Find the right environment
Before you even sit down and start studying, you need to make sure that you’re in the right sort of place to be working. Annabel W. from Bangor University recommends that it’s best to find where you work well – library, social learning space, bedroom etc. Learn to be flexible. Just because you studied best in the evenings for one assignment doesn’t mean it’ll be the same for all of them, “it’s different for everyone and for each assignment” Annabel adds.

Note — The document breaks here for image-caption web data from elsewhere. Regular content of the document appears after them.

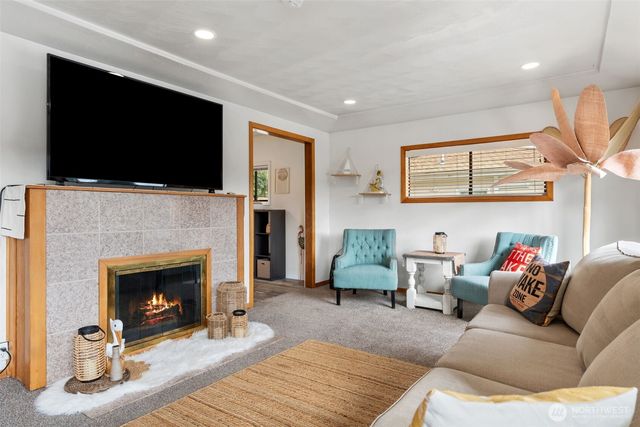 4624 Thompson Lane SE, Olympia, WA 98513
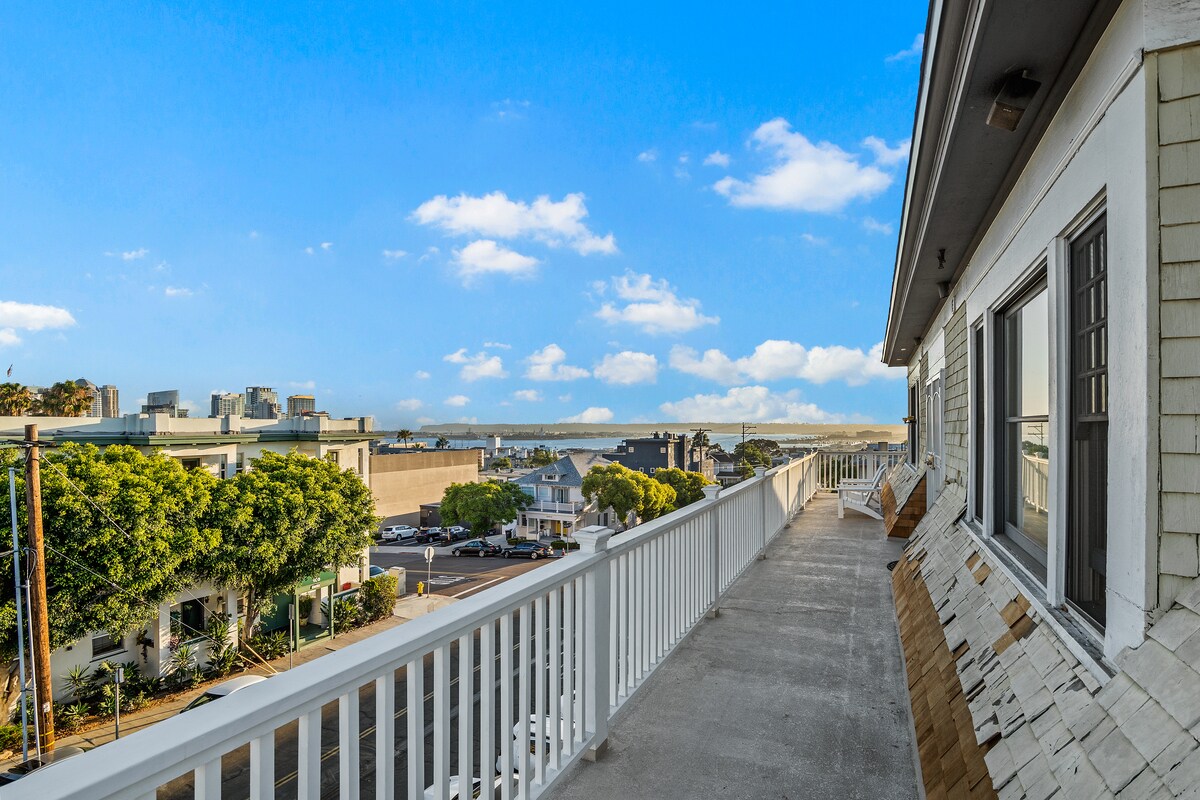 Building Photo - 2121 1st Ave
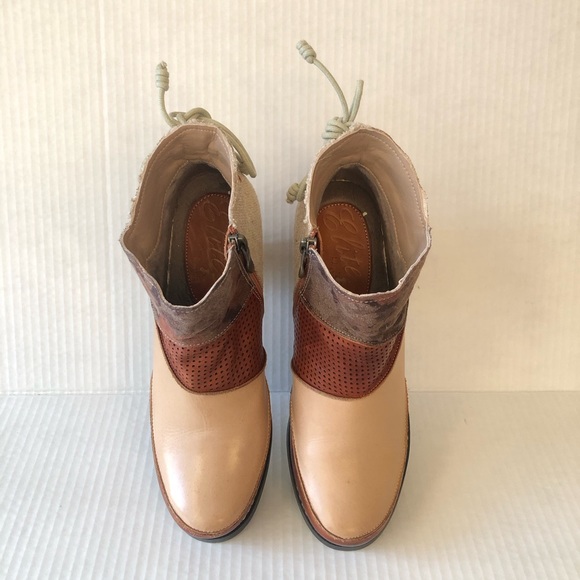 Elite Rags Cognac & Tan Booties - Picture 4 of 13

So, I said at the beginning that we don’t believe in measuring productivity and we still don’t. However, it is good to make sure you know what has been productive for you and what is just procrastination. Making a list or number tasks by priority, this helps to make sure you complete the most important jobs first. Which also means you can set realistic goals (which we’ll come to in 2 steps time). Carina M. from King’s College London said that she tries to make a to-do list everyday of all the things that she wants to get done. No matter how small it is, she says “including subcategories for larger tasks [means] that I can have attainable goals throughout the day and a sense of accomplishment for every ‘tick’!”
If you’re still finding yourself wandering off maybe have a look at our blog on procrastination for some tips.
Plan for breaks
Planning is very important when you’ve got lot to do and prioritising, as we mentioned above helps with that. One important point about planning is to include breaks. Often, we get so caught up in ‘being productive’ we can forget that it’s normal and healthy to take some time out. Don’t expect to be able to work day and night non-stop. You deserve to have downtime, as it allows you to rest and recharge making sure the quality of your work remains high.
If you’re working on something last minute, breaks still need to be factored in no matter how stressed you are. Another reason that it’s good to plan a short pause is that it allows you to work towards something. Whether that be going home and watching a film, or just going for a short walk. Breaks are almost as important as getting the work done!
Set yourself (measurable) goals or at least a deadline
Not only should you plan in breaks but setting yourself goals helps focus the mind too. Goals can be anything from what you’re going to do in your break/downtime, to setting the date for when you want to finish something. Annabel says that by setting little goals like a certain word count you want to have written for your essay, you “make sure you have time to relax in the evenings after working. We had a group of us watch bake-off every week, so on a Tuesday, I would finish by 6, so I could make and eat tea, then chill in the evenings with mates.” Workout what is your biggest motivator, for some people it’s perhaps the social event that may come at the end of it, for others it’s the pride of producing a finished piece of work. I personally do a little bit of both. Planning my work and personal mini deadlines around the social events I’ve already booked with my friends.
Ok so those are the four steps, but we had to include this piece of golden advice from Carina too: “I think what’s also important is for us to not be too hard on ourselves when we don’t accomplish everything we wanted or planned to. I often get frustrated when my study and/or work plans do not go accordingly, and find myself giving up on the entire process. Productivity can be very relative and it’s essential for us to listen to ourselves and engage with our own pace instead of focusing on just ‘getting it done’.”